EXERCISE DETAILS
Starting at the line that contains "conducted by GDNet" in the listing below, write out every line word for word until you have written the line that contains "United Nations Economic and Social".

DATA FOR REVIEW
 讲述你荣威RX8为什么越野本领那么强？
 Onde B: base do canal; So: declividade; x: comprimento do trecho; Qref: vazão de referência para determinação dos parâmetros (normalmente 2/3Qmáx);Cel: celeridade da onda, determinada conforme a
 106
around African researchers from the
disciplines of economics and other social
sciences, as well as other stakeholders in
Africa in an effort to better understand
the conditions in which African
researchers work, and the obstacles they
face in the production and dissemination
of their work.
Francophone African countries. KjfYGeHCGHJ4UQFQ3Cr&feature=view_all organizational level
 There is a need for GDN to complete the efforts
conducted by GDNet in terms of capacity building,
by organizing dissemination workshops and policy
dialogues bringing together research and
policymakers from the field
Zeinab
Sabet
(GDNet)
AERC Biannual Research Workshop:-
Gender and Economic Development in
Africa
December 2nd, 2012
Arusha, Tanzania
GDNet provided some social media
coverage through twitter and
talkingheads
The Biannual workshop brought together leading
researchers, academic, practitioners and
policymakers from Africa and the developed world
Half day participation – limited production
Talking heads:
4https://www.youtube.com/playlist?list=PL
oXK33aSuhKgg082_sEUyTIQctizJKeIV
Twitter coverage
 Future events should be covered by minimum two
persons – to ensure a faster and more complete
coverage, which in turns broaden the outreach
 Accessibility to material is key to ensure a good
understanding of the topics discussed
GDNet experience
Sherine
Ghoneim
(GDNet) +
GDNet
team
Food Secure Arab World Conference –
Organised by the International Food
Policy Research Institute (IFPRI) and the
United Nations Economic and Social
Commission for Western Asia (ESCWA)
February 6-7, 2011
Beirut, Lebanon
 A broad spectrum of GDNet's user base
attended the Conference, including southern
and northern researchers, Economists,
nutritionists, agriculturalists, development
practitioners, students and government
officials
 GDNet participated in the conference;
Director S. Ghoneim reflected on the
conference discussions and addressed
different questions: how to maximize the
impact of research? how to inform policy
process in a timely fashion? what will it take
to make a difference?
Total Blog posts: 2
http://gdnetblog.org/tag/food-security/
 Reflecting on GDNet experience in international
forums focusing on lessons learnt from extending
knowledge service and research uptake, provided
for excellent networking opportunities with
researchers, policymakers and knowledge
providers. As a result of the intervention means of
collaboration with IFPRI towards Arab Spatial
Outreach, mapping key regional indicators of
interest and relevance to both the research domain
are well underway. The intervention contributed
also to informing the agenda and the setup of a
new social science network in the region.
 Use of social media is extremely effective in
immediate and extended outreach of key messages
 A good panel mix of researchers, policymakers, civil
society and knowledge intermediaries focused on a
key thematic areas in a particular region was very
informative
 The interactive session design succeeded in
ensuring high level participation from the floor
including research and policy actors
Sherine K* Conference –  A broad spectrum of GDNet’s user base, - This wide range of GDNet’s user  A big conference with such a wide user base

COMPLETED EXERCISE
conducted by GDNet in terms of capacity building,
by organizing dissemination workshops and policy
dialogues bringing together research and
policymakers from the field
Zeinab
Sabet
(GDNet)
AERC Biannual Research Workshop:-
Gender and Economic Development in
Africa
December 2nd, 2012
Arusha, Tanzania
GDNet provided some social media
coverage through twitter and
talkingheads
The Biannual workshop brought together leading
researchers, academic, practitioners and
policymakers from Africa and the developed world
Half day participation – limited production
Talking heads:
4https://www.youtube.com/playlist?list=PL
oXK33aSuhKgg082_sEUyTIQctizJKeIV
Twitter coverage
 Future events should be covered by minimum two
persons – to ensure a faster and more complete
coverage, which in turns broaden the outreach
 Accessibility to material is key to ensure a good
understanding of the topics discussed
GDNet experience
Sherine
Ghoneim
(GDNet) +
GDNet
team
Food Secure Arab World Conference –
Organised by the International Food
Policy Research Institute (IFPRI) and the
United Nations Economic and Social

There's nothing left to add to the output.